No-frills ski and stay
HAWLEY - Looking for a no-frills vacation in the woods? From December through late March, Stump Sprouts, a mountain-top lodge just this side of the Berkshires, offers 25 kilometers of groomed cross-country ski trails among ice-tinseled trees and snow-covered brooks. At the summit, skiers are rewarded by views that include New Hampshire’s Mount Monadnock.
The no-frills part? Guests bring their own bedding, including sheets, towels, and pillows. Meals are taken together in a common dining room. The lodge is heated with wood, as is an outdoor sauna; solar panels provide all electricity. Bathrooms are shared, though they’re clean and plentiful. Cellphones don’t work here; there is no television and only limited satellite Internet. The lodge weekend rate, $175 per person, includes two nights of lodging, all skiing and trail fees, plus six homemade meals. Specialties include pesto and a raspberry crisp put up from the summer garden. To bring costs down even more, groups that stay during the week in winter can arrange to do their own cooking for about half price.
Lloyd and Suzanne Crawford’s Stump Sprouts Cross-Country Ski Center and Guest Lodge, now in its 35th year, offers cross-country skiing by the week or the weekend for couples, families, or groups. In the Scandinavian-style lodge, seven rooms on three levels accommodate about 20 people; three additional rooms in the owners’ 1840s post-and-beam farmhouse across the way can sleep six or seven more.

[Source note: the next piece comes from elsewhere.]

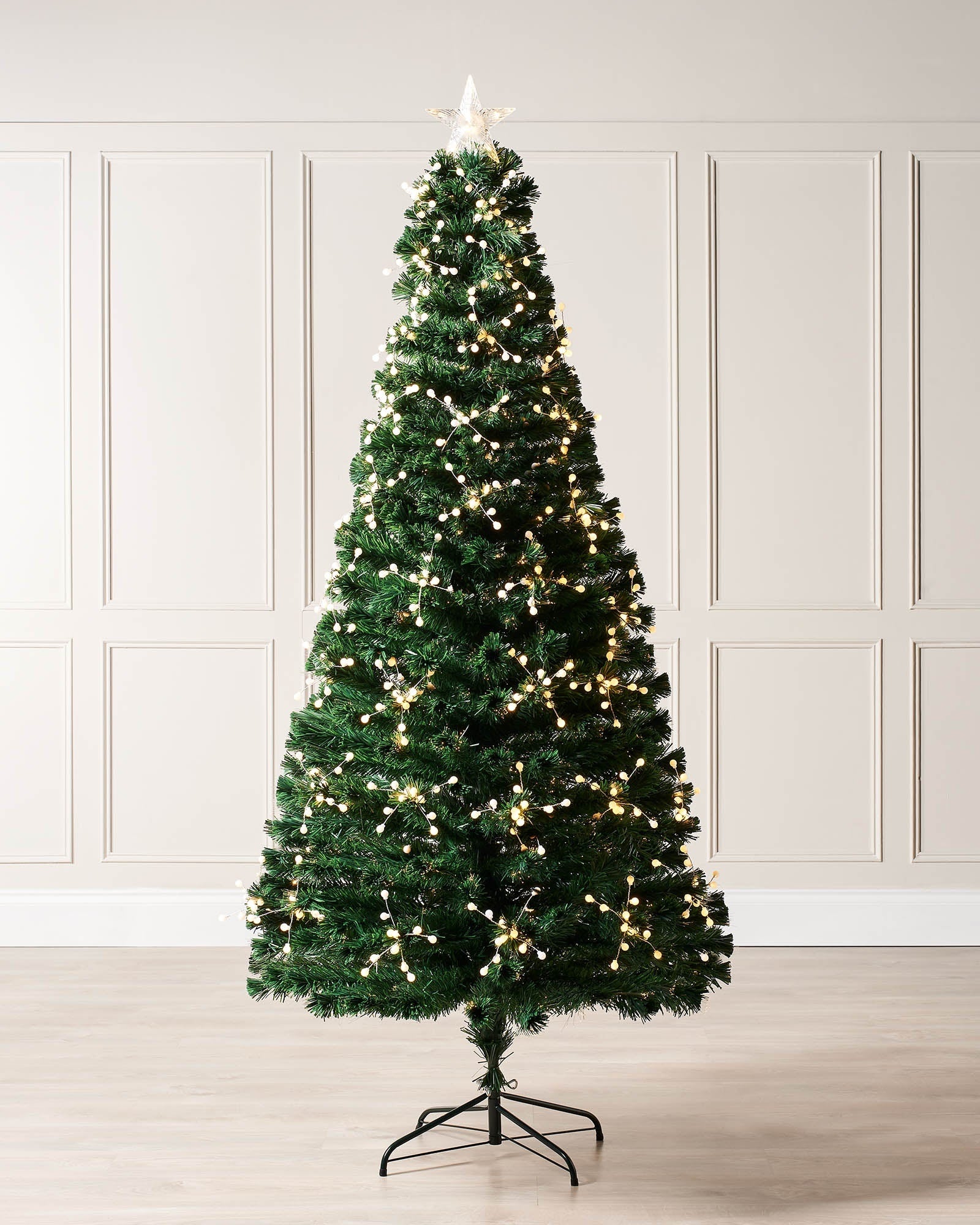 7 ft pre-lit berry cluster fibre optic Christmas tree fully displayed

The mountain’s 8-foot-wide trails are groomed for classic skiing and snowshoeing. The skiing can be challenging, though most skiers in reasonably good shape can handle it. Trails range from 1,400 feet in elevation starting at the lodge to 2,000 feet at the summit. “I wish we had something flat for beginners, but the terrain doesn’t give us that up here,’’ Suzanne said.
The name, Stump Sprouts, signifies “new life from old roots,’’ Lloyd said. “This place was a working farm for generations. We recycled and repurposed buildings and old roads to create what we have now.’’
In 1977, the couple arrived with the goal of developing a ski center and lodge, though today it also operates as a retreat center during the off season. The 400-acre mountaintop property had been a dairy farm with a maple sugar operation and apple orchard in the 1840s.
“It was my grandparents’ land, a big chunk of land in the middle of nowhere,’’ Lloyd said. “They bought it back in the 1960s but didn’t do much with it. Half of the farmhouse was settling into the mud. The road washed out frequently.’’
With the help of friends, they completed the lodge in 1980, using timber cut on site. In a stroke of whimsy, Lloyd lined the lodge’s interior walls with siding from the old sugarhouse and barn. At the center of the great room, a freestanding fireplace reminiscent of the 1960s invites skiers to sidle up with a cup of cocoa; floor-to-ceiling windows face north, offering a panorama of the hills clear into Vermont. Lloyd made the blond wood tables and benches in the dining room.
If you’re in the area, Stump Sprouts also offers day skiing, snowshoeing, and ice skating with rentals at the farmhouse.
Oh, and that one-mile road to the top of the mountain that used to wash out? It’s steep. But it’s plowed and sanded frequently by the town. “The only time you can’t get up it is during a snow storm,’’ Lloyd said. In that case, he’ll come down and get you.
Suzanne recommends calling ahead in the early fall for ski season room reservations. “We tend to have groups that return year after year,’’ she said. “But not every group uses every room, so if you’re flexible and persistent,’’ you’re likely to snag a space.